Le représentant du gouvernement de Prusse rappelle une semaine après l’entrée des troupes franco-belges, que pour être efficace, la propagande doit être crédible. Cette consigne concerne les centres d’informations (Meldestelle) que la République de Weimar finance, afin de diffuser les exactions des troupes franco-belges. Rapports de police, interrogatoires de témoins, photographies clandestines — car interdites par l’occupant — articles dans les quotidiens et les tirages nationaux, caricatures, tracts, brochures, affiches, films, tous les médias modernes sont mobilisés afin de discréditer l’invasion de la Ruhr sur la scène internationale.

Le « Samedi saint sanglant » est l’épisode le plus meurtrier de cette confrontation franco-allemande. Il éclate à Essen le 31 mars 1923, lorsqu’un détachement, chargé de réquisitionner des camions appartenant aux usines Krupp, tire sur la foule des ouvriers qui encercle le hangar où les soldats français ont pris position.

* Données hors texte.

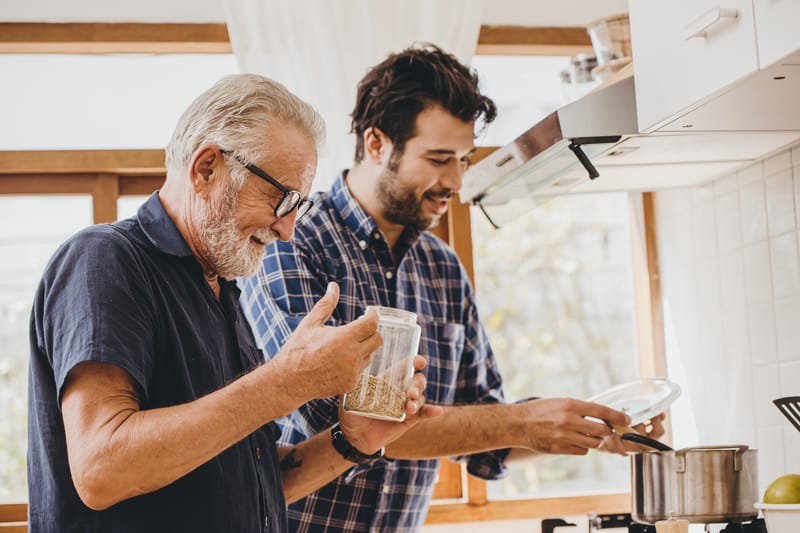 Father and son cooking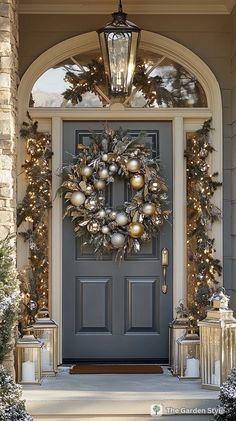 a front door decorated for christmas with wreaths and ornaments on the outside, lit by lanterns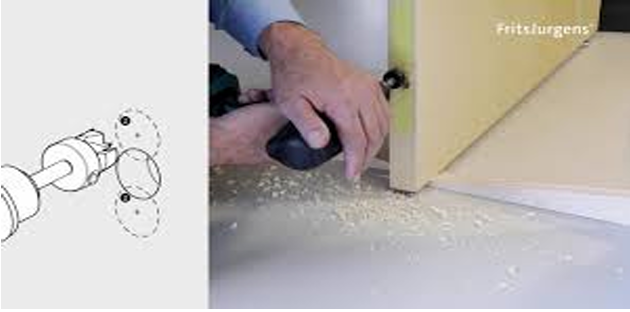 Person using a tool to work on a wooden surface with a diagram on the left.
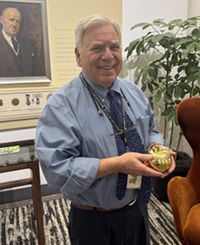 Dr. Scwartz holds his Golden Apple Award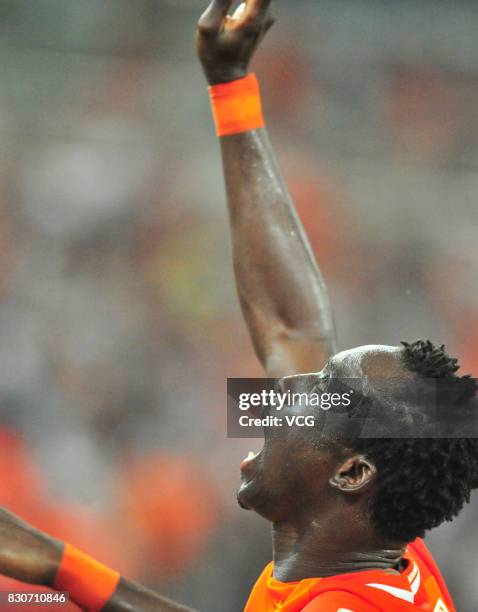 Papiss Demba Cisse of Shandong Luneng celebrates a point during the 22nd round match of 2017 Chinese Football Association Super League between...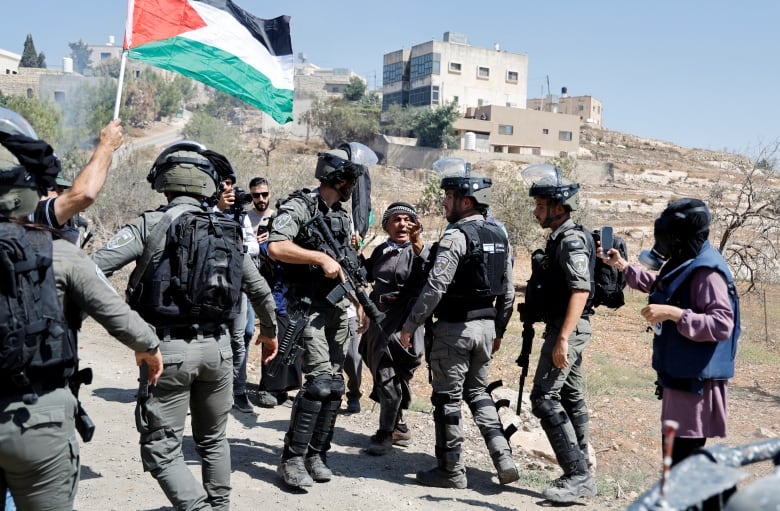 Palestinians react during a protest against Israeli settlements near Nablus in the Israeli-occupied West Bank September 15, 2023.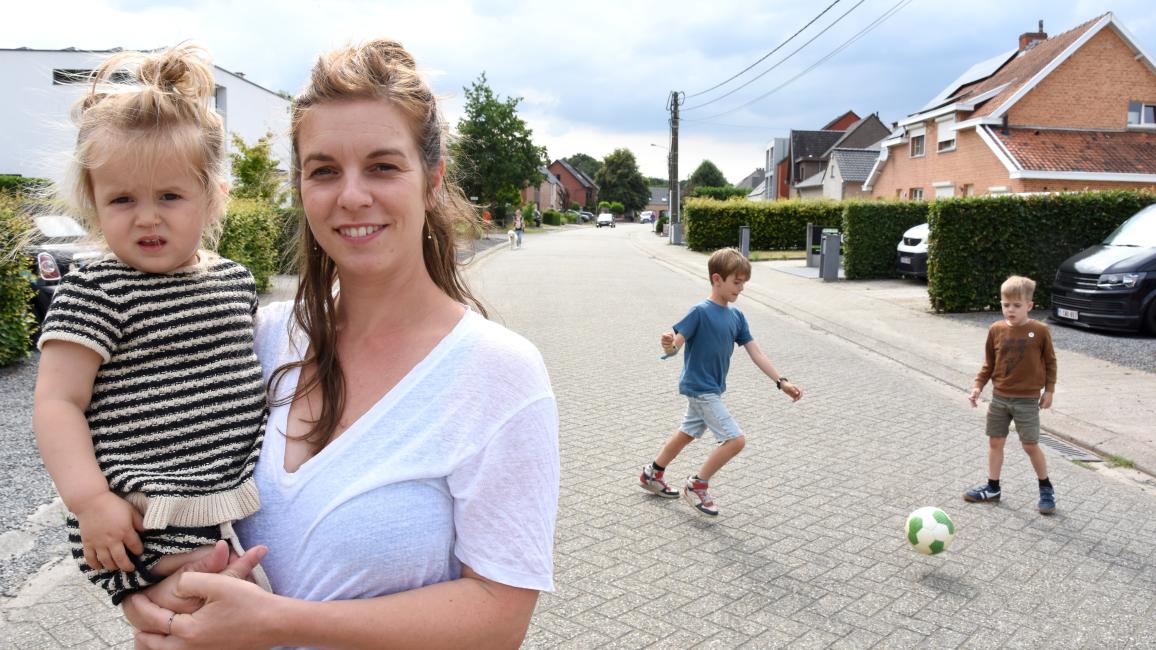 Vrouw met meisje op de arm en twee voetballende jongens op de achtergrond in een grijze straat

Le traitement de la fusillade par la propagande allemande est une réussite. Elle s’appuie sur les photographies des corps transpercés par les balles et décerne à l’industriel Gustav Krupp le titre de héros de la résistance, après son arrestation par les Français, lui qui pourtant partage les responsabilités avec les militaires dans l’escalade meurtrière. Dans le vacarme orchestré par les services de presse du Reich, les justifications françaises sont inaudibles : les soldats se trouvaient en danger de mort, des agitateurs de la police bannie excitaient les milliers d’ouvriers, des sommations ont été faites et le fusil-mitrailleur ne fut pas actionné pour limiter le nombre de victimes.

La propagande agit à la manière d’une guerre dans la guerre : elle attise les affrontements en même temps qu’elle les manipule, afin de vaincre les défenses morales de l’ennemi. Du combat entre les occupants et les Allemands, la propagande sort victorieuse : il est aujourd’hui souvent impossible de savoir, dans les cas les plus dramatiques, ce qu’il est réellement advenu, la propagande ayant façonné l’information à sa guise.